And the truth is, there are about a million right answers here. It seems like the old adage of “find your sound, write 20 songs in that sound, make sure one of them is a radio hit, and get ready to live in a van for 7 years playing out at bars in North Dakota” is slipping away. Let’s be totally truthful here, you want one or two or five songs to sound really rad, you want something people want to buy/download/burn, and you wouldn’t argue if Grey’s Anatomy somehow heard your epic tune and decided to make it their new theme song. This is the new landscape—and it is really fun. A lot more fun than North Dakota.

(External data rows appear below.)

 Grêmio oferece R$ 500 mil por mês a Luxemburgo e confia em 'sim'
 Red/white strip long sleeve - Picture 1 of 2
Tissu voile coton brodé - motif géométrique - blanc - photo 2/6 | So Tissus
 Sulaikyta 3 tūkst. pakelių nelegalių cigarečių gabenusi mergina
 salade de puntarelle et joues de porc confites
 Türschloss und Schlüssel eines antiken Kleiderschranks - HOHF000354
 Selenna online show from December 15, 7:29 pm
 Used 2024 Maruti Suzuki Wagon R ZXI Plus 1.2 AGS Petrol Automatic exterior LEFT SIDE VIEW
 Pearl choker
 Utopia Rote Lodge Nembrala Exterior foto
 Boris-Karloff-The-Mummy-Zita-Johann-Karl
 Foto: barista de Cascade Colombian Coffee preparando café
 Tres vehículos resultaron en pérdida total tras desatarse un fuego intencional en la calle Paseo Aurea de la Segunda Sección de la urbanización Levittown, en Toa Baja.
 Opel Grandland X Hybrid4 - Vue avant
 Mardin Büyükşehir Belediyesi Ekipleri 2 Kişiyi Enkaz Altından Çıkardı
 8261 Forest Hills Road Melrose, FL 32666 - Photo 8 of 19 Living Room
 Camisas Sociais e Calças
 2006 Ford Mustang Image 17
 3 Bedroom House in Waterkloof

Even though you can literally do an infinite amount things to a song to make it sound cool, not all production choices really benefit the song. You still need to make sure there is some musical hook that centers people into the song; you need to make sure that there is emotional movement that reaches a climax so people don’t get bored and skip to the next tune; you need it to say/evoke exactly what you—the writer—have in mind; and you need it to sound clean. It’s a balancing act but it is important…and at the end of the day, it’s your song…your words that you are throwing out there for other people to connect with.
My goal, whether I am composing for a film, writing a song for a TV show, coming up with some hooky guitar part*, or subcontracting Travertine Monks while creating a drum/harpsichord/banjo hip-hop loop, is to get what is in the head of the artist/producer/director into the recording…all the while paying special attention to what drives the song and what it seems the intended audience wants to hear. Capiche?
*It is not a musical law that all hooks must be played on guitar: pianos, vocals, mandolins, drums, glockenspiels, bell trees and didgeridoos can all get in on the hooky excitement. No chimes allowed though.